WORK REQUIRED: Lines before the one holding "BOLT Full Face" are not wanted. Please copy that line and everything after it to the end of the records, exactly, skipping pictures.

STUDY MATERIAL:
★ ★ ★ ★

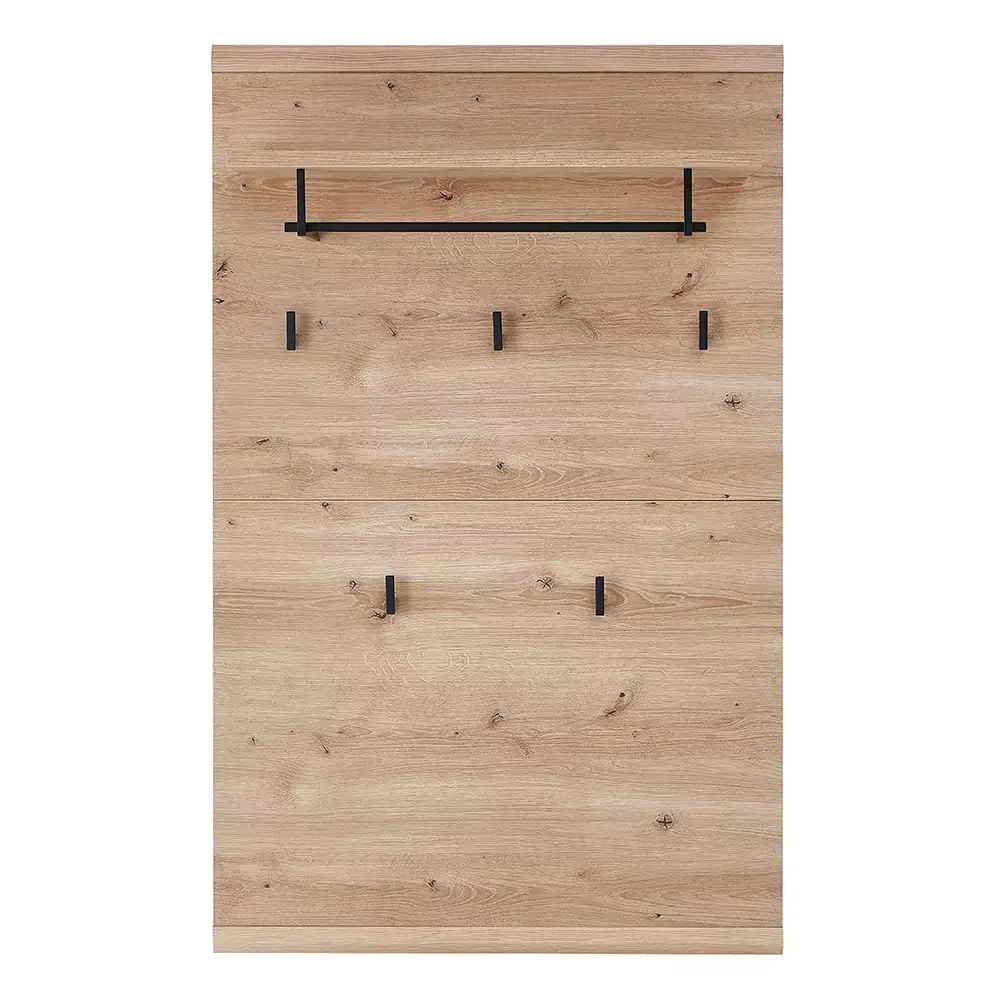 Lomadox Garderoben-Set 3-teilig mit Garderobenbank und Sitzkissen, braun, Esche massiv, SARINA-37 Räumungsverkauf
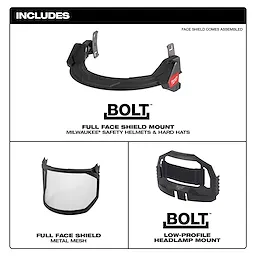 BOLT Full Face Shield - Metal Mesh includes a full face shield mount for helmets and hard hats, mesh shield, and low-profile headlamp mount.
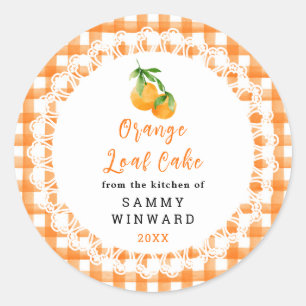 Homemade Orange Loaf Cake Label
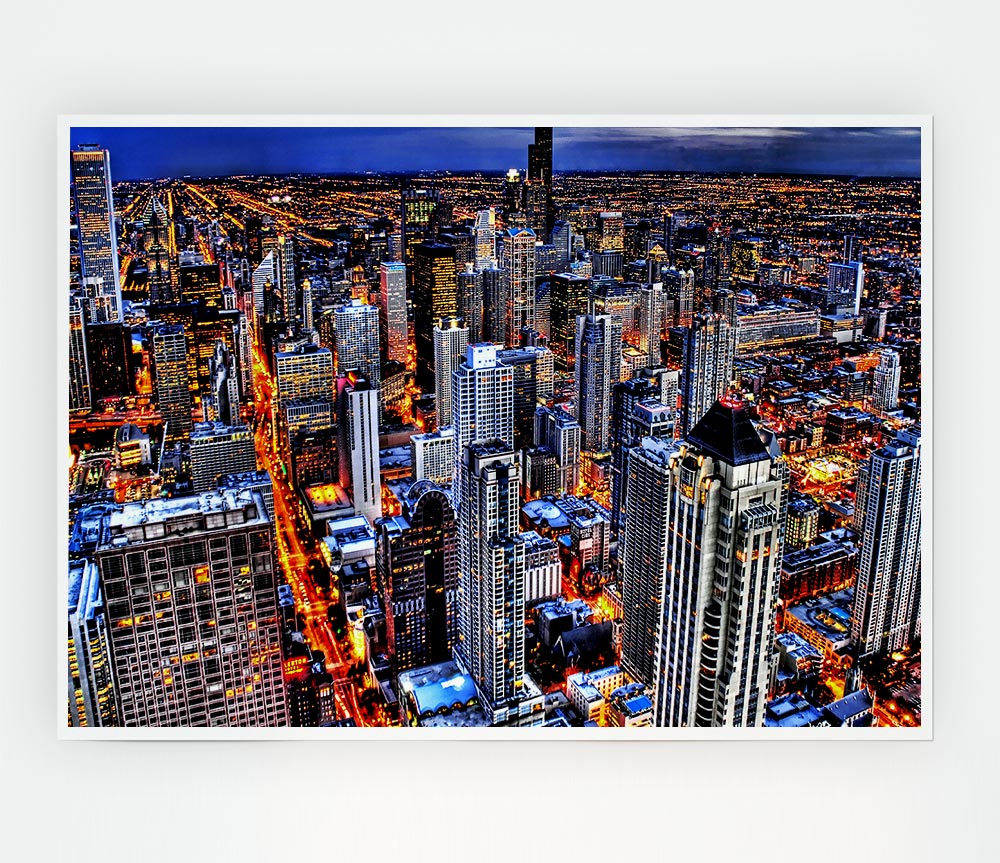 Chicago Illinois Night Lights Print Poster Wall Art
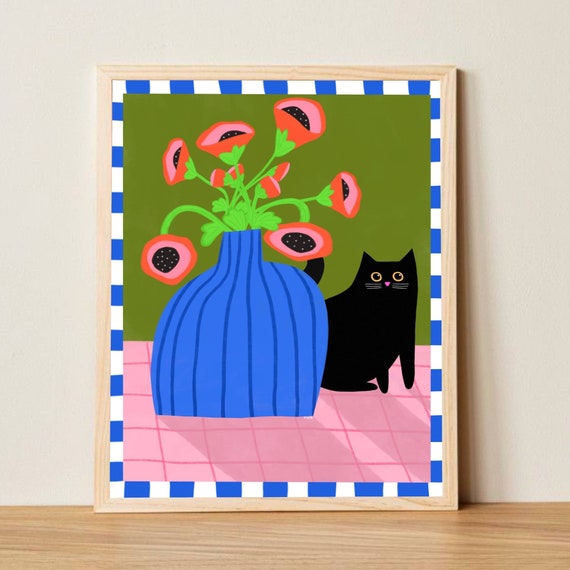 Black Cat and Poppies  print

★ ★ ★ ★

SOLUTION FOR THIS TASK:
 BOLT Full Face Shield - Metal Mesh includes a full face shield mount for helmets and hard hats, mesh shield, and low-profile headlamp mount.
 Homemade Orange Loaf Cake Label
 Chicago Illinois Night Lights Print Poster Wall Art
 Black Cat and Poppies  print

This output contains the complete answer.